→ **DESCRIPTION OF THE TASK**: The full set of entries below must be returned exactly as shown.

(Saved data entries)

......

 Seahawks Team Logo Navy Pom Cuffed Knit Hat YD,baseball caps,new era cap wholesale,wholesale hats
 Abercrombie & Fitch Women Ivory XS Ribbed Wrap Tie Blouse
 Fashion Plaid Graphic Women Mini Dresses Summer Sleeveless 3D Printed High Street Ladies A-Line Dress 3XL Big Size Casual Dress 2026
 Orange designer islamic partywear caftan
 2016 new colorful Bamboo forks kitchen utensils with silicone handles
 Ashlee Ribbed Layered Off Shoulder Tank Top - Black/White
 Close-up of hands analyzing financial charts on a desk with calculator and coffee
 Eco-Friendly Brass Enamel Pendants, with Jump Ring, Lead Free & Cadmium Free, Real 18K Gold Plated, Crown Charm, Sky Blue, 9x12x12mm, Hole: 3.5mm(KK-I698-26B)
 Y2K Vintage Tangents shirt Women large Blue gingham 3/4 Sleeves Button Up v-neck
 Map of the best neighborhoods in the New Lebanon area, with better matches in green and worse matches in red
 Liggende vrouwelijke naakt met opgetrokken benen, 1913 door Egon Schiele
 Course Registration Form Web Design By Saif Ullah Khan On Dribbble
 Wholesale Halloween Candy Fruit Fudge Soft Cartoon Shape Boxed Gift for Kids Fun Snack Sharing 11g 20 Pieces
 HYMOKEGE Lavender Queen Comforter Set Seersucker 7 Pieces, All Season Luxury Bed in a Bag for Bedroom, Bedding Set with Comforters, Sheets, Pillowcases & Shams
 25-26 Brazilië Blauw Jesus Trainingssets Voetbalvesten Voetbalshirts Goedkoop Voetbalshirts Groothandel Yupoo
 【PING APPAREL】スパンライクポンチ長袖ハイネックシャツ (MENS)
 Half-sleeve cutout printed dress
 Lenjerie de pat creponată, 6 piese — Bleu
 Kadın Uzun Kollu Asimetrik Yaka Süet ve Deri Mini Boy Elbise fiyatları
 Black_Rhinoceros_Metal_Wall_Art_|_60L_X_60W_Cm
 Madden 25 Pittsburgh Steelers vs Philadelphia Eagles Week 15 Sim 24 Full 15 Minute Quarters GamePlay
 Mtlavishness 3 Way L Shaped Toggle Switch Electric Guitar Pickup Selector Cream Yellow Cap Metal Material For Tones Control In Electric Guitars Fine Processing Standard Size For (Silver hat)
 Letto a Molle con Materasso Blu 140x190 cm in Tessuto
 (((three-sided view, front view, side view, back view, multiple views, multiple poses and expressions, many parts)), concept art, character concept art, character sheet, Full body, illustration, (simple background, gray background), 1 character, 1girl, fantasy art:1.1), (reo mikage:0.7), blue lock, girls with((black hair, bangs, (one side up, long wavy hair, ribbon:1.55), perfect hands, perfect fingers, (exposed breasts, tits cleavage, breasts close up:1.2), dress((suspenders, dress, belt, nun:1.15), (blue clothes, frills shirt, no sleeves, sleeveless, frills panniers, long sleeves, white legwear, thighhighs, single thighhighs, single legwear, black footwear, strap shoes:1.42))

......

→ **FINAL ANSWER**:
 Seahawks Team Logo Navy Pom Cuffed Knit Hat YD,baseball caps,new era cap wholesale,wholesale hats
 Abercrombie & Fitch Women Ivory XS Ribbed Wrap Tie Blouse
 Fashion Plaid Graphic Women Mini Dresses Summer Sleeveless 3D Printed High Street Ladies A-Line Dress 3XL Big Size Casual Dress 2026
 Orange designer islamic partywear caftan
 2016 new colorful Bamboo forks kitchen utensils with silicone handles
 Ashlee Ribbed Layered Off Shoulder Tank Top - Black/White
 Close-up of hands analyzing financial charts on a desk with calculator and coffee
 Eco-Friendly Brass Enamel Pendants, with Jump Ring, Lead Free & Cadmium Free, Real 18K Gold Plated, Crown Charm, Sky Blue, 9x12x12mm, Hole: 3.5mm(KK-I698-26B)
 Y2K Vintage Tangents shirt Women large Blue gingham 3/4 Sleeves Button Up v-neck
 Map of the best neighborhoods in the New Lebanon area, with better matches in green and worse matches in red
 Liggende vrouwelijke naakt met opgetrokken benen, 1913 door Egon Schiele
 Course Registration Form Web Design By Saif Ullah Khan On Dribbble
 Wholesale Halloween Candy Fruit Fudge Soft Cartoon Shape Boxed Gift for Kids Fun Snack Sharing 11g 20 Pieces
 HYMOKEGE Lavender Queen Comforter Set Seersucker 7 Pieces, All Season Luxury Bed in a Bag for Bedroom, Bedding Set with Comforters, Sheets, Pillowcases & Shams
 25-26 Brazilië Blauw Jesus Trainingssets Voetbalvesten Voetbalshirts Goedkoop Voetbalshirts Groothandel Yupoo
 【PING APPAREL】スパンライクポンチ長袖ハイネックシャツ (MENS)
 Half-sleeve cutout printed dress
 Lenjerie de pat creponată, 6 piese — Bleu
 Kadın Uzun Kollu Asimetrik Yaka Süet ve Deri Mini Boy Elbise fiyatları
 Black_Rhinoceros_Metal_Wall_Art_|_60L_X_60W_Cm
 Madden 25 Pittsburgh Steelers vs Philadelphia Eagles Week 15 Sim 24 Full 15 Minute Quarters GamePlay
 Mtlavishness 3 Way L Shaped Toggle Switch Electric Guitar Pickup Selector Cream Yellow Cap Metal Material For Tones Control In Electric Guitars Fine Processing Standard Size For (Silver hat)
 Letto a Molle con Materasso Blu 140x190 cm in Tessuto
 (((three-sided view, front view, side view, back view, multiple views, multiple poses and expressions, many parts)), concept art, character concept art, character sheet, Full body, illustration, (simple background, gray background), 1 character, 1girl, fantasy art:1.1), (reo mikage:0.7), blue lock, girls with((black hair, bangs, (one side up, long wavy hair, ribbon:1.55), perfect hands, perfect fingers, (exposed breasts, tits cleavage, breasts close up:1.2), dress((suspenders, dress, belt, nun:1.15), (blue clothes, frills shirt, no sleeves, sleeveless, frills panniers, long sleeves, white legwear, thighhighs, single thighhighs, single legwear, black footwear, strap shoes:1.42))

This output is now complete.